When Medicare refuses to cover a treatment (such as inpatient hospitalization) or device (like diabetes testing supplies), the statute gives the disappointed beneficiary the right to appeal. Furthermore, there are mechanisms by which the provider–which may be a hospital, doctor, durable medical equipment manufacturer, etc.–that recommended the treatment (and often stands to profit if it is covered) can appeal on the beneficiary’s behalf (or on their own if the claim is assigned).
The statute sets deadlines for decisions on appeal, but in recent years a flood of new cases has led to a growing backlog and long delays. (The backlog is caused in large part by the Recovery Audit Contractor program, through which Medicare has been revisiting and revising coverage determinations from the past several years. That is a subject for another day.)
On Christmas Eve, the office in the Department of Health and Human Services responsible for hearing appeals (that is, the Office of Medicare Hearings and Appeals), adopted a controversial mitigation measure: They’ve stopped hearing new appeals, while they work to clear the backlog. Which will take at least two years. (See recent coverage here.)
Yes, the law says that Medicare must hear appeals, so yes, this temporary measure is technically inconsistent with the law (which is not to say it is illegal, more below on that). But in my view it is actually a good idea, and consistent with what I think is the best ultimate solution to the “backlog” problem. Here’s why:
Medicare has not stopped hearing all appeals, rather it will continue to process appeals filed directly by beneficiaries. So it is the providers—doctors, hospitals, durable medical equipment manufacturers, and so on—who are temporarily being deprived of their right to appeal by the decision. (See explanation here.) That’s a big deal, because only 10% of appeals are filed directly by beneficiaries. So this temporary measure will cut off 90% of appeals.
As I argue in my work in progress (will be sharing draft soon!), “Against Process in the Administration of Healthcare,” this distinction makes sense. From the perspective of hospitals, doctors, and equipment manufacturers, appeals are about fixing errors, about getting payment decisions right. From that perspective, alternative means of avoiding errors—like auditing through random sampling and process controls—are just as good, if not better. Seriatim appeals are an inefficient and costly means of improving accuracy.

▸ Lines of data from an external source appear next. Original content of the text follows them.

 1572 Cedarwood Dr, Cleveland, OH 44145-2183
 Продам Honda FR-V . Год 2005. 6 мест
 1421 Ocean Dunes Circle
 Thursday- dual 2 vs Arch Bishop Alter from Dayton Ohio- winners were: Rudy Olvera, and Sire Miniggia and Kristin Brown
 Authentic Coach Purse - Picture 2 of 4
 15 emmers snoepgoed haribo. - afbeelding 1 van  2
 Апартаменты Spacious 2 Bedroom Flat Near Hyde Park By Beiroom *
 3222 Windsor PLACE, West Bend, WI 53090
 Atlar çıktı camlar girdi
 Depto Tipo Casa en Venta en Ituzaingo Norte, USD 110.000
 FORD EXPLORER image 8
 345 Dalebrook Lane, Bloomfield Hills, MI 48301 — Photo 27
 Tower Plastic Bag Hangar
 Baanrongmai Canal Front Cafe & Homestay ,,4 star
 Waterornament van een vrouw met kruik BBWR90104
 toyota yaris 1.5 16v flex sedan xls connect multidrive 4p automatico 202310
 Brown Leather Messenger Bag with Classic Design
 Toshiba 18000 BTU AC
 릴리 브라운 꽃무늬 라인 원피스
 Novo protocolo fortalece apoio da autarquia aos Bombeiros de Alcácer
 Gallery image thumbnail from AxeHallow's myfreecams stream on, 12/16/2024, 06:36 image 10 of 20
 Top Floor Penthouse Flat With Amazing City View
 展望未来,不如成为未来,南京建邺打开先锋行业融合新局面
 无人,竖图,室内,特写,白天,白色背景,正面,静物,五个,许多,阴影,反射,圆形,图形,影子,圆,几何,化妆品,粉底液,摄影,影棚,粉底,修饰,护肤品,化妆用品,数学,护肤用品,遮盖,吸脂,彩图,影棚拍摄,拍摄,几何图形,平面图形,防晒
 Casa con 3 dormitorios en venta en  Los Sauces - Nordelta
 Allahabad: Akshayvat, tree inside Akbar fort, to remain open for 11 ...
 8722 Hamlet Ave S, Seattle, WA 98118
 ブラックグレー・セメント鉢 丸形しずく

Appeals are about more than just accuracy to patients, however. Unlike audits or process controls, the right to appeal gives a patient voice; an opportunity to air his or her grievance. The beneficiary’s participation has inherent value that may justify what is an otherwise inefficient means of ensuring accuracy.
So understood, Medicare’s temporary solution aligns with what I argue in my work-in-progress should be the system’s ultimate solution to the growing backlog problem: Cut back significantly on provider appeals, leave beneficiary appeal rights largely intact, and use alternative mechanisms to increase accuracy and make sure providers are being paid what they deserve. That’s the approach to accuracy that Medicare has taken when it comes to deciding whether to reopen claims (upheld recently by the Ninth Circuit in Palomar Med. Ctr. v. Sebelius), and it is an approach that should be used much more broadly.
Of course, none of that means that CMS has authority under the statute to refuse to hear provider appeals until it has cleared the backlog. The American Hospital Association, at least, has argued that the move violates the statute. (See its letter disagreeing with the move here.) A lot has been written lately about agencies’ power to delay action (which I like to think of as their power to triage) (see Jacobs here, Sunstein & Vermeule here), and I plan to follow up with a blog post on the legality of this particular delay sometime soon.